A fisherman would say the line weight depends on the type of fish you're after...

Non Sequitur

Is that some sort of GTA online currency? I need some for a new jet.

Dec 13, 17 8:42 pm
archinine
Wildly successful* pyramid scheme
Dec 13, 17 8:57 pm
xx__

https://www.reddit.com/r/Bitco...

^ he was right about everything so far, so... I't whouldn't hurt much to get some coins right now and sit on them.

Dec 13, 17 11:46 pm
ArchNyen
Any tales of success, regrets, future predictions care to share? How about the tale of the fisherman who become an architect bitcoin collector?
Dec 14, 17 7:49 pm
ArchNyen
Any tales of success, regrets, future predictions care to share? How about the tale of the fisherman who become an architect bitcoin collector?
Dec 14, 17 7:50 pm

Would have been a good use of all those GPU’s in your office a few years ago... Maybe they were.

Dec 14, 17 8:40 pm
randomised

I have no clue about bitcoins or ethereum, all I know is that the moment I will step into cryptocurrencies, that bubble will burst.

Dec 15, 17 5:48 am
joeuk

Buy (M)IOTA, loads of it!! 

Dec 15, 17 7:28 am
won and done williams

When even architects start talking about an investment, you know the bubble is about to burst.

Dec 15, 17 9:35 am
MDH-ARCH

I didn't want to miss out so I bought Bitcoin, Etherium and litecoin. I am up thousands at the moment. Put in what you can stomach to lose and ride the wave. I have friends that mine it as well. Some predict  that one Bitcoin can be worth 100k+ in the years to come, Or it can flop. Buy some and hold for year and see where you are at. 

Dec 15, 17 10:30 am
Chemex

I only hear about Bitcoin in reference to black market dark web illegal stuff. Can’t believe how this is allowed

Dec 15, 17 11:15 am
MDH-ARCH

It may have been more prevalent when it first started but now amazon and many other companies are now accepting Bitcoin as a normal form of currency. Cash is used for "illegal stuff" as well.

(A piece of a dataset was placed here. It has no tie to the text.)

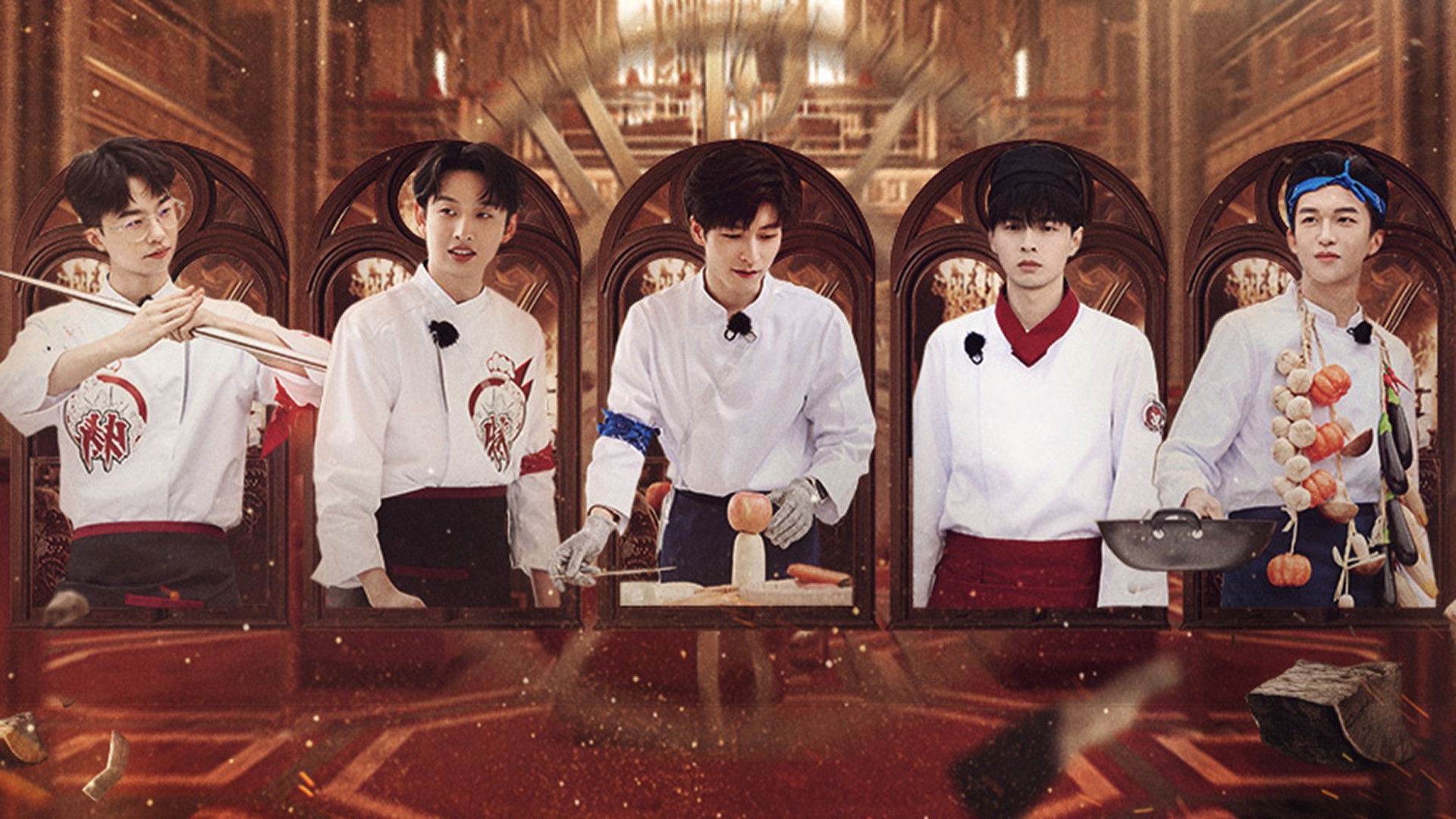 S6 VIP Extended Version EP7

cash can be traced, finger prints, DNA, Chain of custody (Sue had three dollars and gave one to Max and Max gave it to Bob...) tracking cash is not easy but possible.

Bitcoin is the best way to launder drug money, buy illegal (and possibly counterfeit prescription drugs) pay for a murder for higher and to finance terrorist. I assume some decent people will use it for "legit" things but this is designed to be untraceable and unseen by governments and law enforcement. It is the best thing for criminals to come along in a long time.

That said if you can't beat crime legalize it. You can always win by resetting the rules.

Over and OUT

Peter N.

Dec 15, 17 11:50 am
MDH-ARCH

People fear what they don't understand. Technology is responsible for plenty bad and plenty good. Cryptocurrency will most likely be another normal way to trade goods in the future. And if nothing else... why not make some money off it?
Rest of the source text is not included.